Contractors vs. Employees

Today I had a chat with one of my customers, discussing a very old management issue, which I call “managing contractors vs. employees” for the lack of better terms. Therefore, I have been interested in behavioral and psychological rater than money and tax aspects. Tonight I tried to find any similar discussion in Google, and - no surprise - could not find anything.

That’s why I decided to share with you some of my observations.

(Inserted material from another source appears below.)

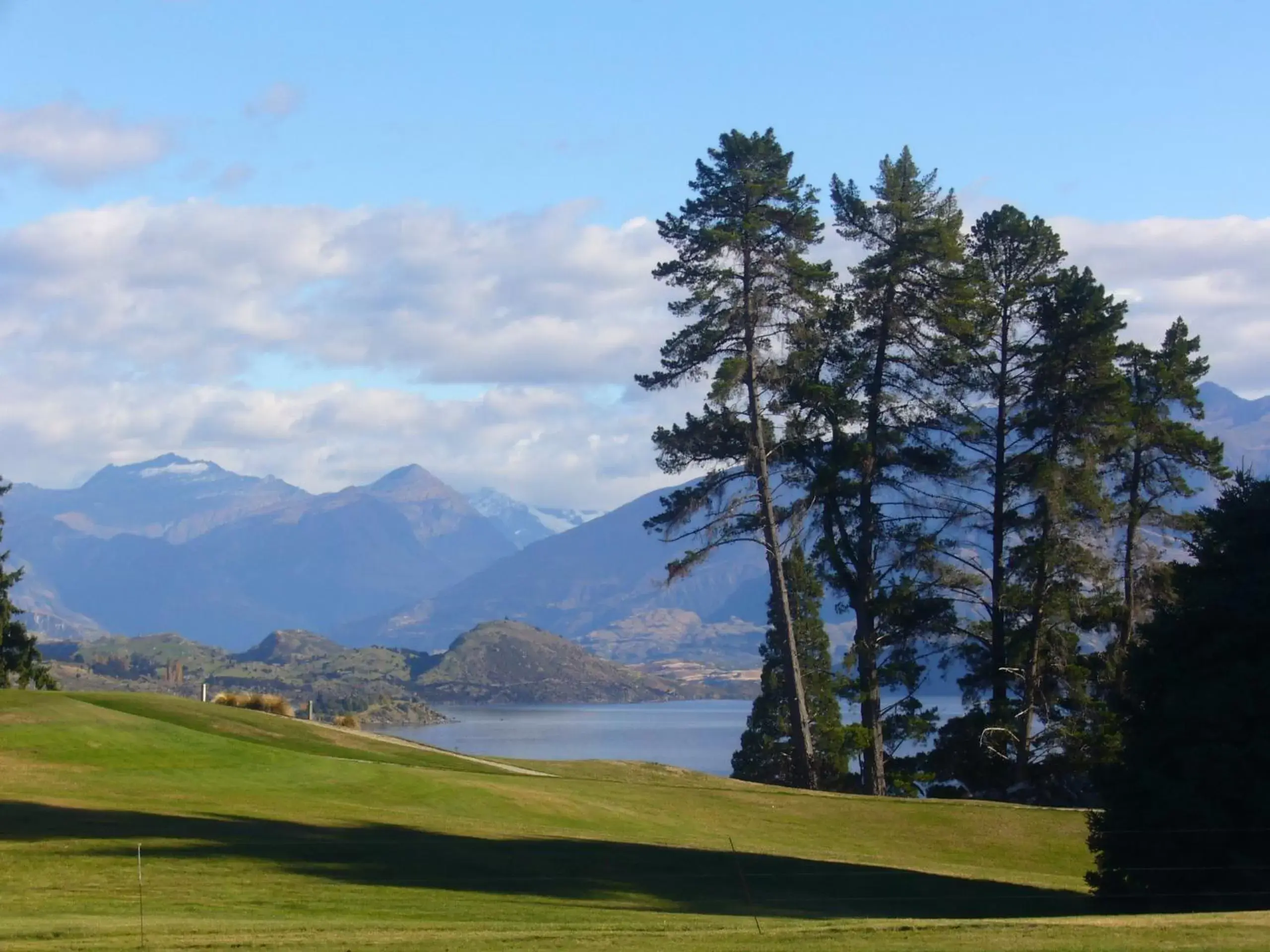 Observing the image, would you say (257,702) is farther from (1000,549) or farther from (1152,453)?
(1152,453)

First of all, I am not trying to create any classification or taxonomy here. I realize that there is an entire spectrum between these two categories of workers. Secondly, I don’t want to suggest that all employees (contractors) possess all features described below. However, what is true; people wearing a specific hat (whether an employee’s one or a contractor’s one) with years tend to belong to one end of the spectrum.

Here you go:
1. Contractors sell time, employees sell skills.
2. Contractors are less concerned on what they do compare to employees. A contractor can take an assignment even he does not like it (or even his/her skills don’t perfectly match) and do it. Employees are more often becoming upset if they have to perform a task that they don’t like.
3. Contractors look for a good decision. If they have to make this decision, they tend to come up with quicker solution that is 70% perfect. Employees are not happy with 70 or even 90%, they are looking for perfection.
4. In terms of Herzberg’s theory employees are more interested in motivator factors, and contractors are more interested in the hygiene factors. Employees can work all night on an interesting problem if there is enough pizza around, contractors won’t.
5. Being quite adamant about working on tasks they like, employees hate interruption. They aim for perfection and don’t like multitasking. Contractors can switch their minds easily and minimal context change.
6. Since employees value motivating factors more, they are usually more loyal. Contractors are loyal for a moment.
7. Employees feel very attached to the product of their work. If one can take an example from the IT industry, employees (for example, software developers) consider programs their babies. They feel very upset if anyone treats the babies not right or tries to kill them. Contractors don’t give a damn: projects come, projects go.

Having said all that, I would like to emphasize again that I am using the “contractor” and “employee” words as terms to name the two polar groups (from the behavior point of view) and don’t mean the actual work status.